TRY IT => The line containing "Hakuba is famed" marks the start; extract exactly from it through the last line of the entries, and omit any pictures.

DATA FOR THIS EXERCISE =>
____
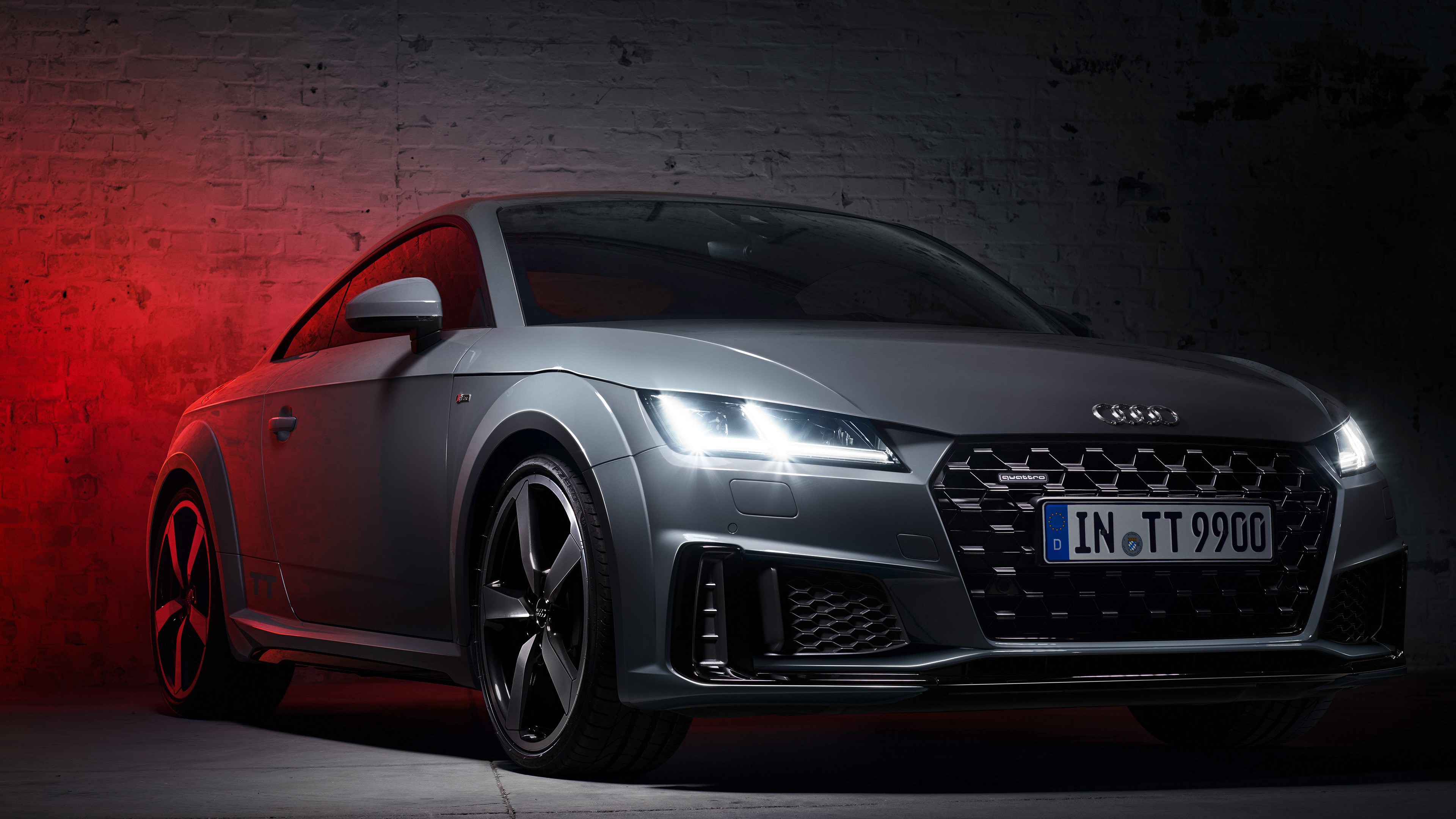 Audi TTS Coupe hd restyling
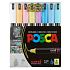Posca Univerzální sada akrylátových popisovačů 0,7 - 1 mm Pastelové barvy 8 kusů PC-1MR
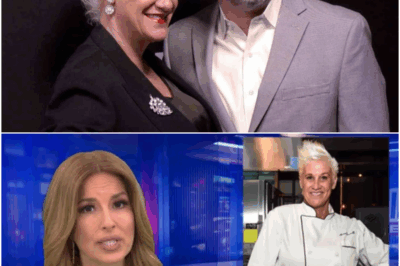 Reports indicate that TV chef Anne Burrell was discovered unconscious by her husband.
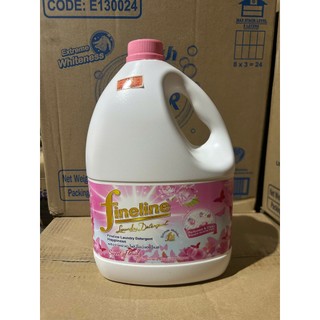 (SGT) Nước giặt xã Fineline Can 2800/ 3000ml (Thái Lan)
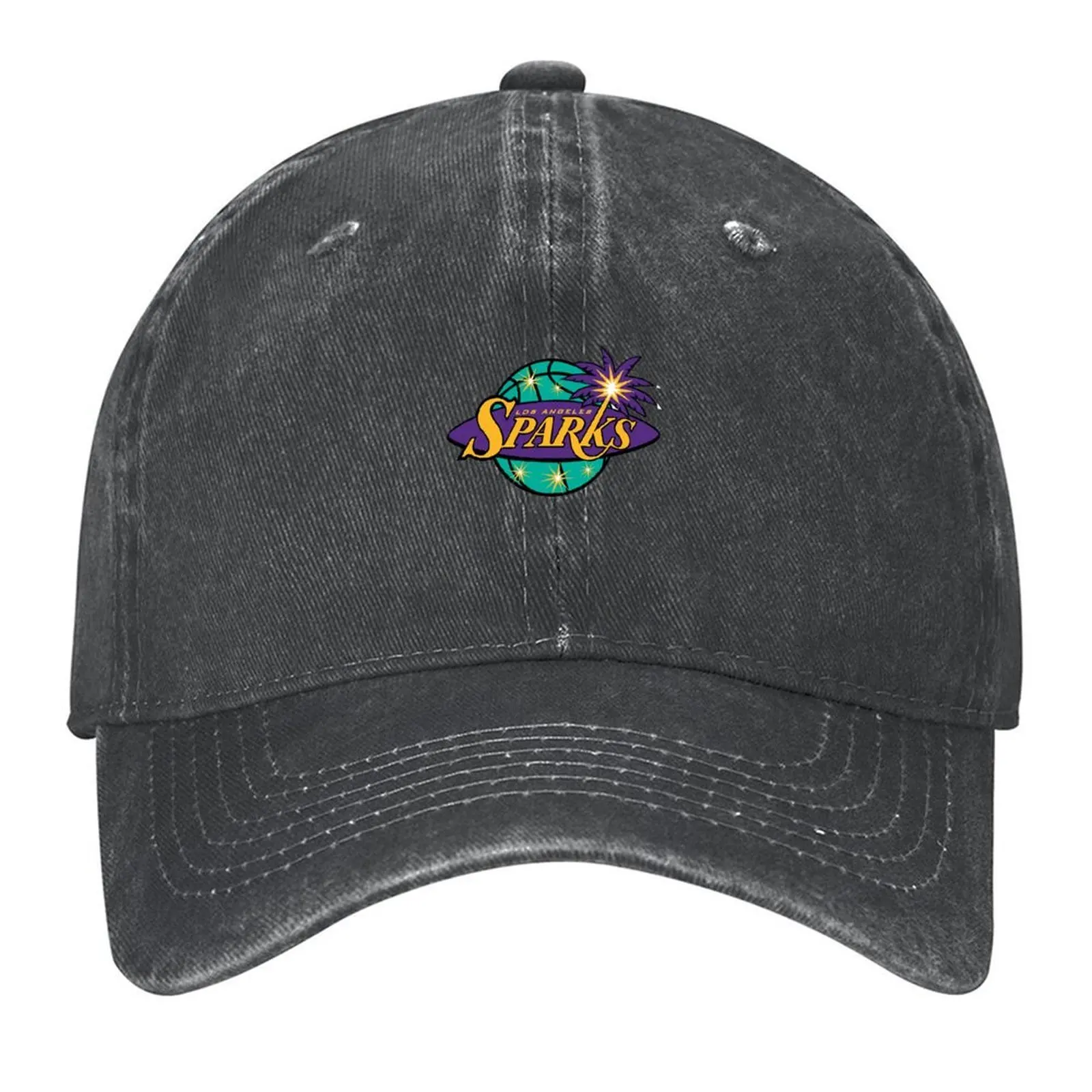 Música Retro Los Angeles Sparks cabido Scoop Navidad gorra de béisbol sombrero derby sombrero de té Bobble Hat duro mujer playa hombres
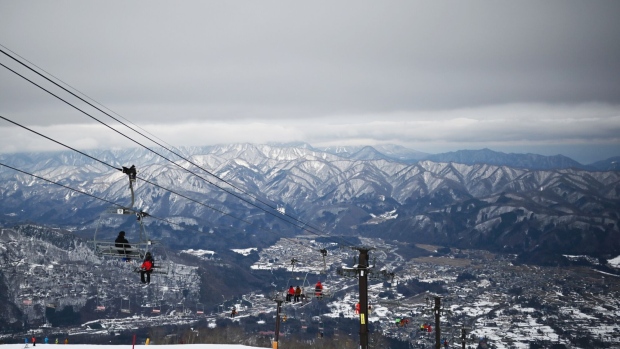 Hakuba is famed for its skiing and hiking. Photographer: Charly Triballeau/AFP/Getty Images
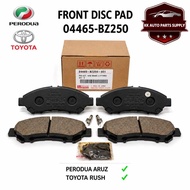 🔥04465-BZ250🔥PERODUA ARUZ,TOYOTA RUSH FRONT BRAKE PAD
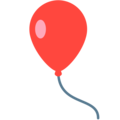 balloon on platform Mozilla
____
EXERCISE SOLUTION =>
 Hakuba is famed for its skiing and hiking. Photographer: Charly Triballeau/AFP/Getty Images
 🔥04465-BZ250🔥PERODUA ARUZ,TOYOTA RUSH FRONT BRAKE PAD
 balloon on platform Mozilla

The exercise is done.